* [What you are asked to do]: The required output is the exact sequence of lines from the line holding "MERCEDES-BENZ CLA Shooting Brake 180-image-8" to the end of the records, inclusive.

* [Data to examine]:
┌──

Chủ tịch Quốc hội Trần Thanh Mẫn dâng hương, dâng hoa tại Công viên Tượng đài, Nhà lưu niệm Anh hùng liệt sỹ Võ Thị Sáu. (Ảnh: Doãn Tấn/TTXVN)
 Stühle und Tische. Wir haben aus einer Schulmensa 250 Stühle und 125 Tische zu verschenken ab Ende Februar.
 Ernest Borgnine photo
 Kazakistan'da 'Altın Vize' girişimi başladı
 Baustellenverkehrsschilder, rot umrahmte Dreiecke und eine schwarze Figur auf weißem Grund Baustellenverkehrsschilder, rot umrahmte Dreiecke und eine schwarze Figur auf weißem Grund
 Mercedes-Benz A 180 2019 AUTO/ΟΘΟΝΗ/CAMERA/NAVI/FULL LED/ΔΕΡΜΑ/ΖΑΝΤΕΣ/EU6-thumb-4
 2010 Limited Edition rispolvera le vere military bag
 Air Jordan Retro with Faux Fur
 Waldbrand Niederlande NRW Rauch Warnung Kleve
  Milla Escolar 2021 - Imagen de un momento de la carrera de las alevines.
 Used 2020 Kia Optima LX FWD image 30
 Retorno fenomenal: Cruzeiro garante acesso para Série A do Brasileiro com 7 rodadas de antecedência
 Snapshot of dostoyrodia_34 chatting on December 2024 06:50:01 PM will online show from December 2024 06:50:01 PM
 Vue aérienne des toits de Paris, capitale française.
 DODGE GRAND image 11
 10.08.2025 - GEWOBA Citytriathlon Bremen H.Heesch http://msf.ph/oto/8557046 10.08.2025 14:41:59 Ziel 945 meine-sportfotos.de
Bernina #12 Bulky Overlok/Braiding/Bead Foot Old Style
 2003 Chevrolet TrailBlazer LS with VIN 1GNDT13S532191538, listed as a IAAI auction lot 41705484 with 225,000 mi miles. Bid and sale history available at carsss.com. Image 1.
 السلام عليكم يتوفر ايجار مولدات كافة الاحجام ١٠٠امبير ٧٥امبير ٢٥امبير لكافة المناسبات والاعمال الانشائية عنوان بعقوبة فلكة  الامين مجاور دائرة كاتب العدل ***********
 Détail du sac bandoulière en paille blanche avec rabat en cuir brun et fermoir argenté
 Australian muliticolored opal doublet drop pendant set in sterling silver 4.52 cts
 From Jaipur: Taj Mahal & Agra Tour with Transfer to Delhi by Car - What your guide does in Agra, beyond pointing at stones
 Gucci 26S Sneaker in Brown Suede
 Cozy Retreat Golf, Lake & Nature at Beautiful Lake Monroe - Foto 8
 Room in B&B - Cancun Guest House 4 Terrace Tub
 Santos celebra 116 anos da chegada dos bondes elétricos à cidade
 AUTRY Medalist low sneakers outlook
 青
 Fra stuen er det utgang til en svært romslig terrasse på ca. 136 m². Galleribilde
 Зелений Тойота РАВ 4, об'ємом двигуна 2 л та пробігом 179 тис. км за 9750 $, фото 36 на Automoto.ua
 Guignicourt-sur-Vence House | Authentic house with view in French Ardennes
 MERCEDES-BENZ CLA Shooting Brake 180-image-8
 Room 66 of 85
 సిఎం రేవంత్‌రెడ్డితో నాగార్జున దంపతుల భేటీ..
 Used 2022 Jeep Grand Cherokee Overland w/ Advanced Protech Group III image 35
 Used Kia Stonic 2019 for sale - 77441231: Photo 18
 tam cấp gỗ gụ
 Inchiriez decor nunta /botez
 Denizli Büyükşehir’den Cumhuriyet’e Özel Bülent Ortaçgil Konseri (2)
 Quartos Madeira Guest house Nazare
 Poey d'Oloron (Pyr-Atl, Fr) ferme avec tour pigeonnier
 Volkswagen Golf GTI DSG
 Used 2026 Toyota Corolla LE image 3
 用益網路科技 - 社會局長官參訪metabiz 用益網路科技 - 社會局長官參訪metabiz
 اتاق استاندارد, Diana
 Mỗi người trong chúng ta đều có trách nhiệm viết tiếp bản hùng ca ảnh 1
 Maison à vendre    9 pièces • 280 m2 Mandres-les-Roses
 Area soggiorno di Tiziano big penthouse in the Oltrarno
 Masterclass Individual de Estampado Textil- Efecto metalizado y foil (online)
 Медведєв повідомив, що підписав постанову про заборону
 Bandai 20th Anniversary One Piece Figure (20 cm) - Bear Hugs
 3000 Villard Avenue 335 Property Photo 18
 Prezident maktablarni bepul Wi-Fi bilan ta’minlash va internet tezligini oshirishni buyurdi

└──

* [Written reply]:
 MERCEDES-BENZ CLA Shooting Brake 180-image-8
 Room 66 of 85
 సిఎం రేవంత్‌రెడ్డితో నాగార్జున దంపతుల భేటీ..
 Used 2022 Jeep Grand Cherokee Overland w/ Advanced Protech Group III image 35
 Used Kia Stonic 2019 for sale - 77441231: Photo 18
 tam cấp gỗ gụ
 Inchiriez decor nunta /botez
 Denizli Büyükşehir’den Cumhuriyet’e Özel Bülent Ortaçgil Konseri (2)
 Quartos Madeira Guest house Nazare
 Poey d'Oloron (Pyr-Atl, Fr) ferme avec tour pigeonnier
 Volkswagen Golf GTI DSG
 Used 2026 Toyota Corolla LE image 3
 用益網路科技 - 社會局長官參訪metabiz 用益網路科技 - 社會局長官參訪metabiz
 اتاق استاندارد, Diana
 Mỗi người trong chúng ta đều có trách nhiệm viết tiếp bản hùng ca ảnh 1
 Maison à vendre    9 pièces • 280 m2 Mandres-les-Roses
 Area soggiorno di Tiziano big penthouse in the Oltrarno
 Masterclass Individual de Estampado Textil- Efecto metalizado y foil (online)
 Медведєв повідомив, що підписав постанову про заборону
 Bandai 20th Anniversary One Piece Figure (20 cm) - Bear Hugs
 3000 Villard Avenue 335 Property Photo 18
 Prezident maktablarni bepul Wi-Fi bilan ta’minlash va internet tezligini oshirishni buyurdi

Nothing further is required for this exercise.